Here you go, try this link, all you questions will be answered 

http://uboat.net/


----------



## Duncan112 (Dec 28, 2006)

WWII U boats also used MWM engines, later used as alternator engines on German built merchant ships


----------



## chadburn (Jun 2, 2008)

If I remember correctly there use to be two Coaster's that would pass Smith's when I was an Apprentice in the 1950's, Gertrude and Otrude Mueller? which apparently had former U Boat engine's in them. T.C. may have been the Pilot.


----------



## Peter Short (Apr 13, 2008)

Can I recommend an excellent book: *Diesels for the First Stealth Weapon: Submarine Power 1902-1945* by Lyle ***mins. This massive book (756 pages) deals only with submarine diesel engines and is written by a very knowledgeable engine historian, so lots of good stuff.

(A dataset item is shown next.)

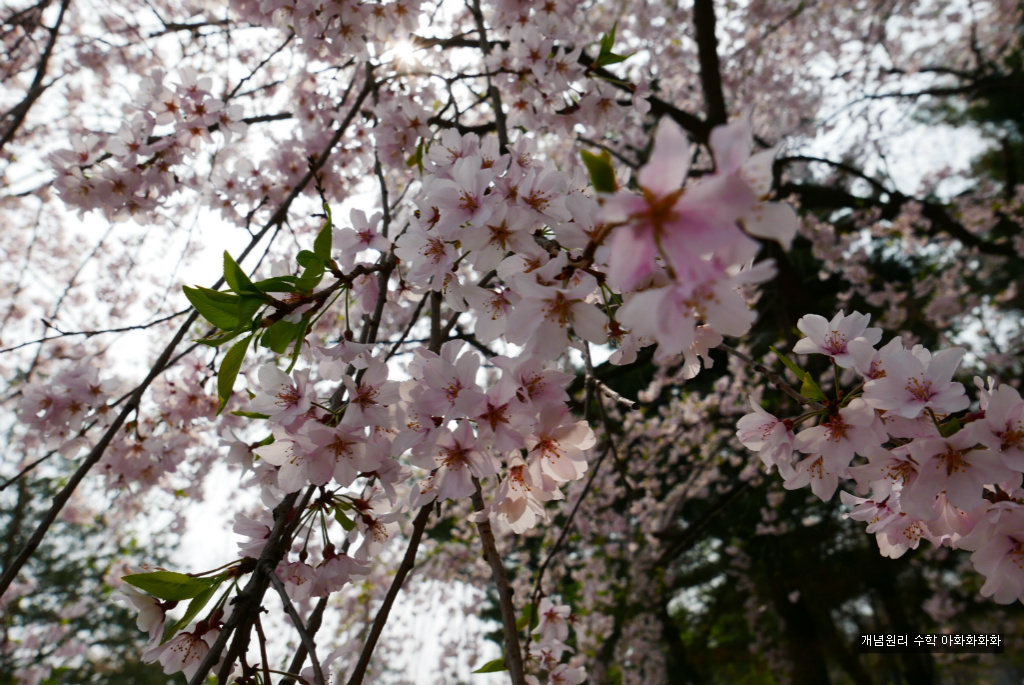 img/5/7/0/B/570BB1964B53820026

A few bits from this book:

During WW1, German sub engines were built by: M.A.N. Augsburg, Krupp Germaniawerft, Korting, Daimler, Benz, A.E.G.

M.A.N. Augsburg and their licensees AG Vulcan and Blohm & Voss built around 50% of all the engines used (all four stroke, eight different models, 250-3,000 bhp). M.A.N. Augs. built 416 engines up to Nov 1918.

Korting built 115 engines, Krupp GW built 69, Daimler 64, Benz 72, etc.

During WW2, engines were built by M.A.N., MWM, Krupp-GW, and Mercedes. The experimental submarines with Walter turbines also had Deutz diesels for surface use.

Bussing truck diesels were used in midget submarines.

Krupp-GW (1,360 engines) and M.A.N. were the most important builders during WW2 with MWM third in importance. Until 1943 most were four stroke, directly reversible engines with Bosch solid injection. During the war an important licensee of M.A.N. was WUMAG. From 1935 until 1945 about 1,150 submarines entered service.


----------